### [Dataset extract]
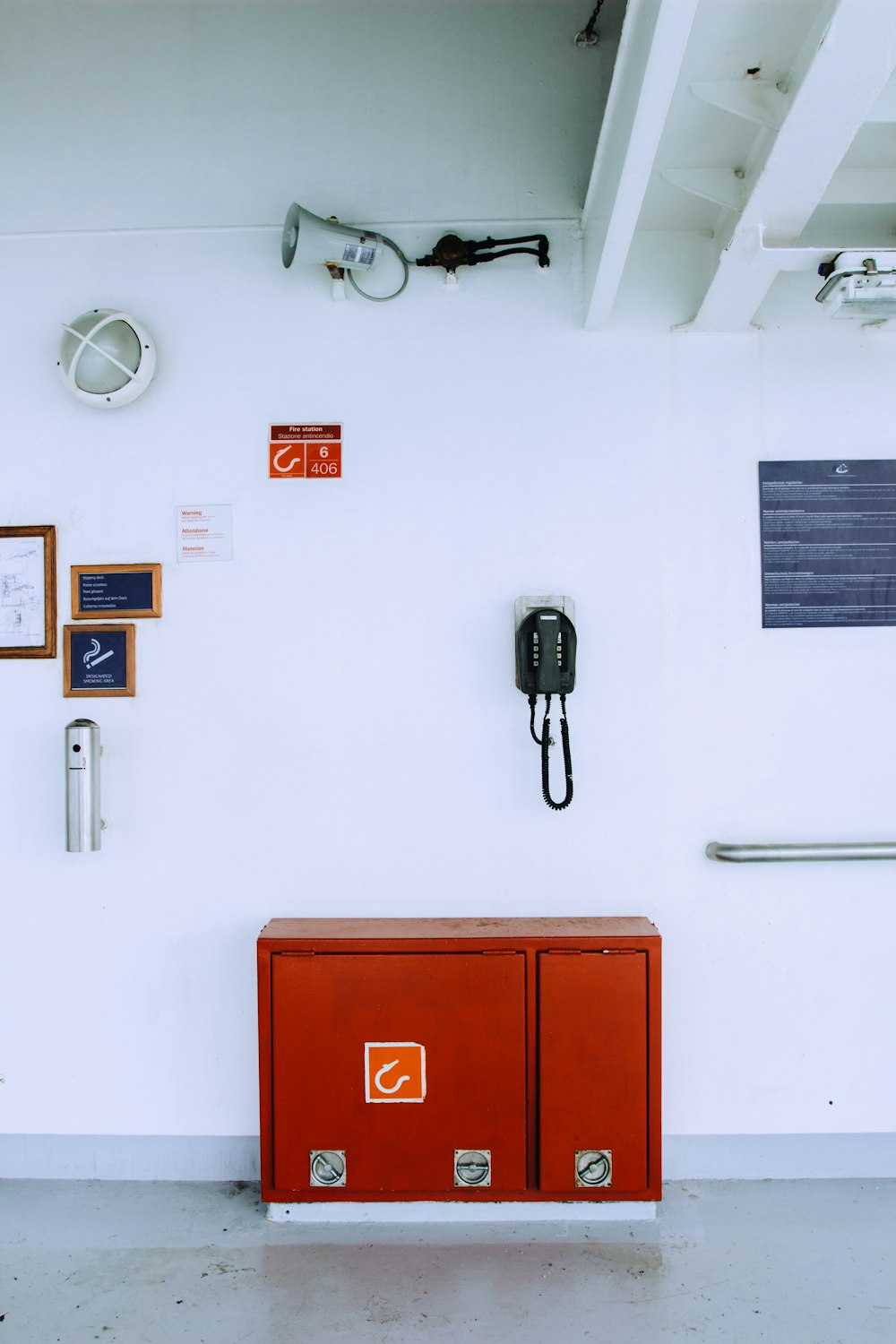 red and black cabinet beside white wall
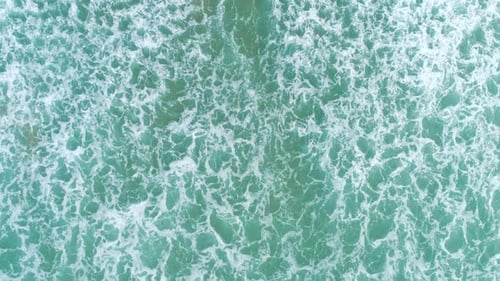 Top Down Aerial View of Giant Ocean Waves Crashing and Foaming.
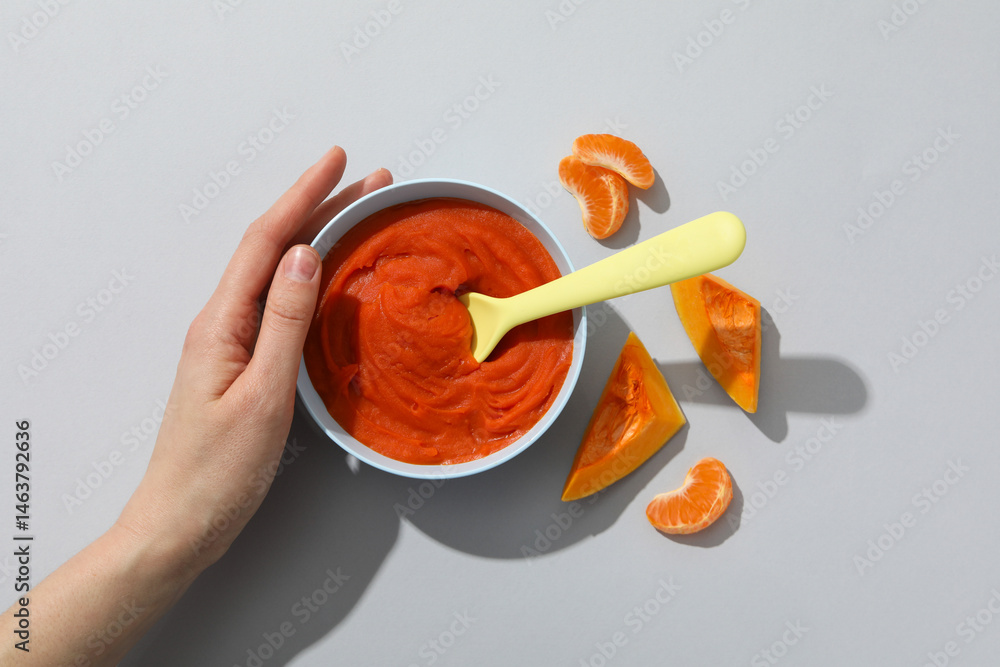 Children's vegetable and fruit puree, on a light background.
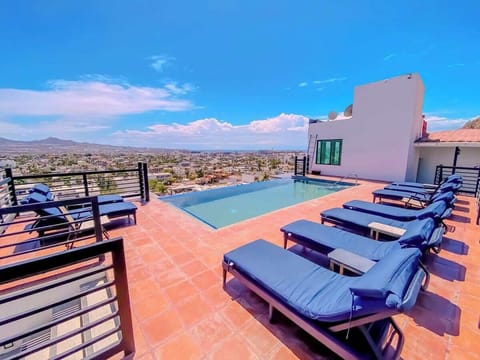 Relax on shared rooftop loungers beside a private pool with sweeping city views under clear blue skies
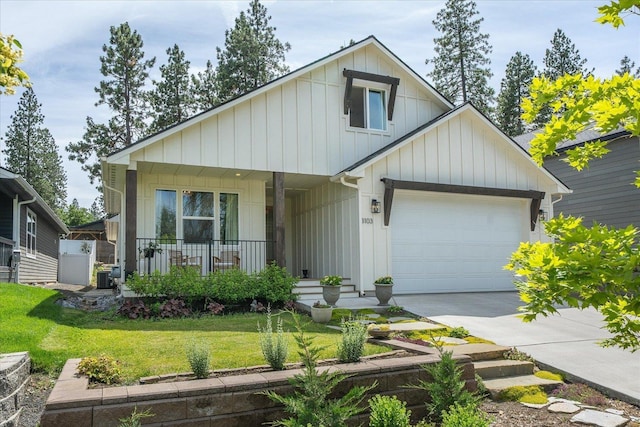 3103 W 18th Ave, Spokane, WA 99224 - view of front facade featuring covered porch, concrete driveway, board and batten siding, a front yard, and a garage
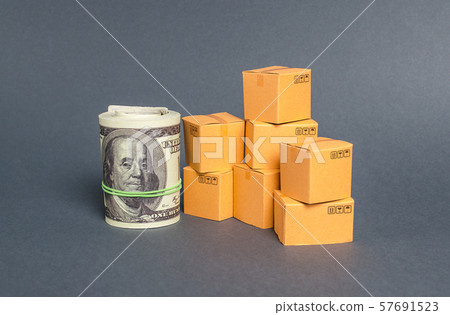 Roll of dollars and cardboard boxes. Business and industry. The concept of commerce and trade. retail and distribution. Performance efficient production. Production and export of products and goods. Roll of dollars and cardboard boxes. Business and industry. The concept of commerce and trade. retail and distribution. Performance efficient production. Production and export of products and goods. 57691523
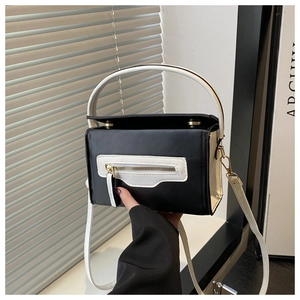 Dettaglio della borsa in pelle a contrasto bianco e nero con zip e finiture dorate
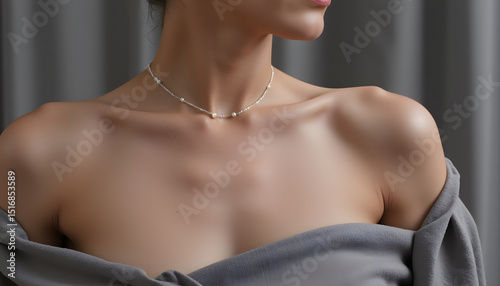 Woman showcasing delicate necklace while wearing gray off-shoulder top   photo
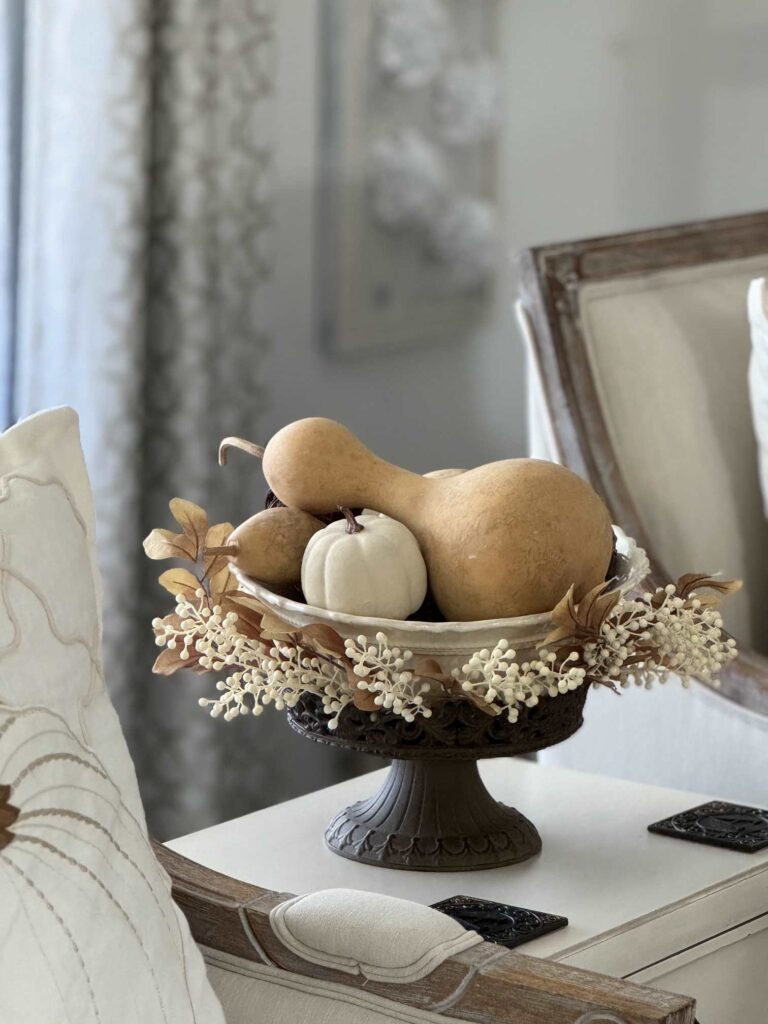 A fall arrangement with gourds and pumpkins in a bowl.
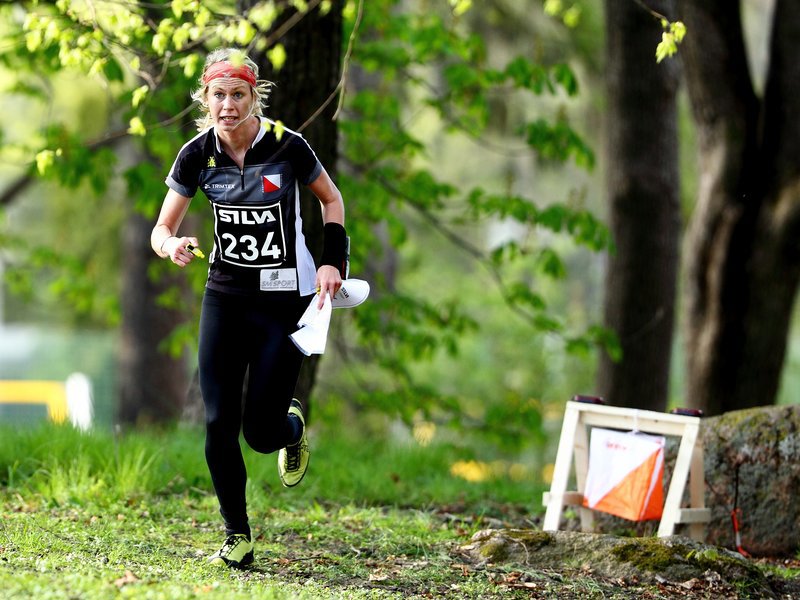 A female orienteer out and running in the forest.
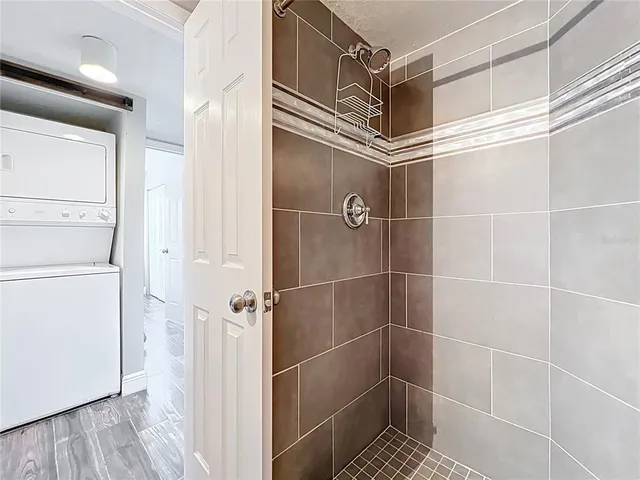 a kitchen with granite countertop cabinets stainless steel appliances and a sink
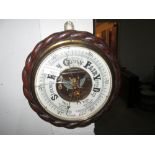 Early 20th century aneroid wall barometer with carved oak rope twist case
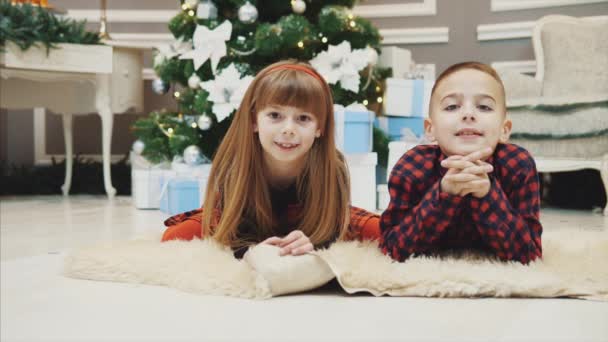 Usmívající se bratr a sestřička v očekávání nového roku leží na vlněném koberci v červených kostkovaných šatech. — Stock video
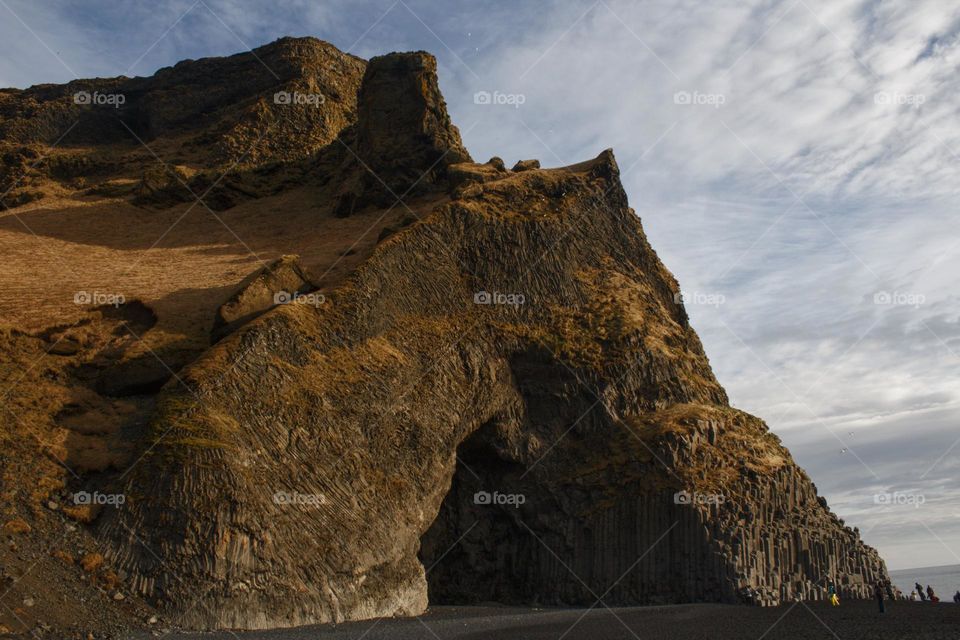 Tall versus small - rock in Iceland with ant-like people next to it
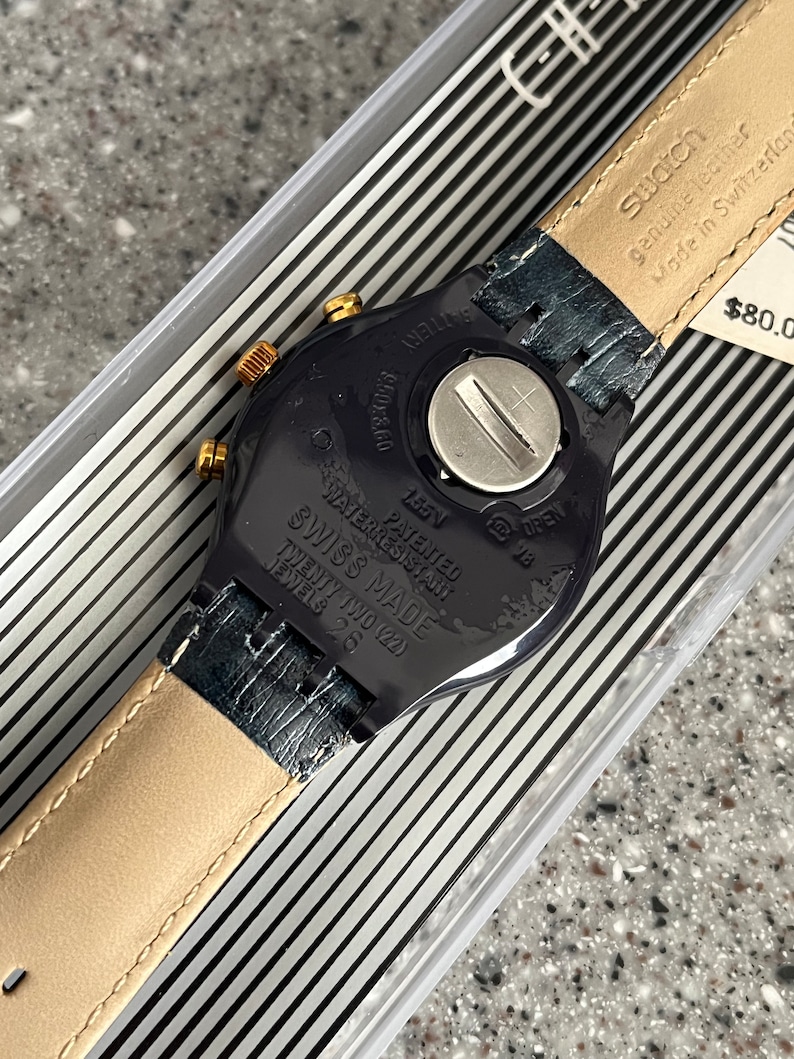 May include: A black Swatch watch with a gold-tone bezel and a black leather strap. The watch face is black with white markings and the text "WATER RESISTANT", "PATENTED", "SWISS MADE", "TWENTY TWO (22)", and "JEWELS 26" is printed on the back. The watch is in a clear plastic box with a black and white striped background.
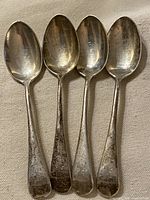 Four Birks sterling teaspoons lined up front view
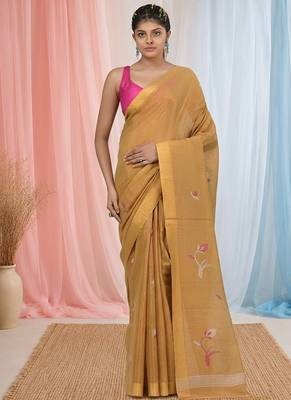 Beige tissue saree with ethnic motifs and golden border 1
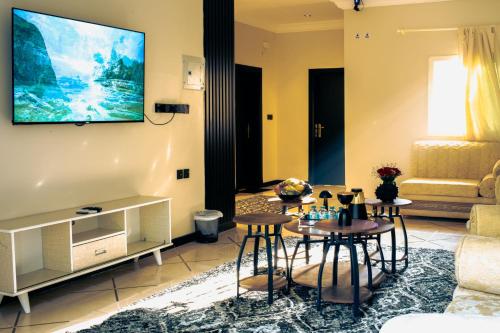 a living room with a tv on the wall at شاليهات نوافل الذهبية GOLDEN NAWAFEL chalets in Al Hada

### [Action item]
Respond with the exact lines above running from the one containing "Children's vegetable and" to the one containing "3103 W 18th", both ends kept and no pictures included.

### [Solved problem]
 Children's vegetable and fruit puree, on a light background.
 Relax on shared rooftop loungers beside a private pool with sweeping city views under clear blue skies
 3103 W 18th Ave, Spokane, WA 99224 - view of front facade featuring covered porch, concrete driveway, board and batten siding, a front yard, and a garage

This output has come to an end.